The Treasury's paper states:
The CGE model is subject to some uncertainty.
This is principally around the parameters included, for which
sensitivity analysis is carried out. Economic uncertainty, not
captured by the model, could also impact on the results in the
short term. Nevertheless, the results are broadly consistent with
the wider academic literature which finds that reductions in Corporation
Tax boost investment leading to higher GDP and partial revenue
recovery. 120
Mr Emmerson of the IFS also emphasised the uncertainties
involved:
Clearly you have to be very careful, because
if you change those assumptions, you could get a different answer
and the pay-off is over a very long time. It is not like you can
do the change and then see a year later whether it has worked
out. You have to wait 20 years before you get the full response
if the model is correct. Clearly there are risks there and there
are a lot of uncertainties.[121]
64. However, given the limitations of the model itself,
Mr Emmerson said that the "assumptions they have made certainly
do not look unreasonable" and that it was a worthwhile exercise.[122]

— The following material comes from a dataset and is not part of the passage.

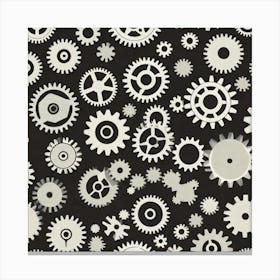 White Gears On Black Background Canvas Print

65. The Chancellor said that his rationale for asking
the Treasury to produce the paper was:
It is something I had said needed to be done
when I was in Opposition and it reflects a debate that is had,
I would not just say on the centre right of British politics,
but primarily on the centre right, which is that lower taxes can,
at least in part, pay for themselves through the additional investment
and economic growth they bring.
I did want to move the debate and begin a quiet
revolution in the way people think about these things and so I
started with corporation tax and commissioned this study.[123]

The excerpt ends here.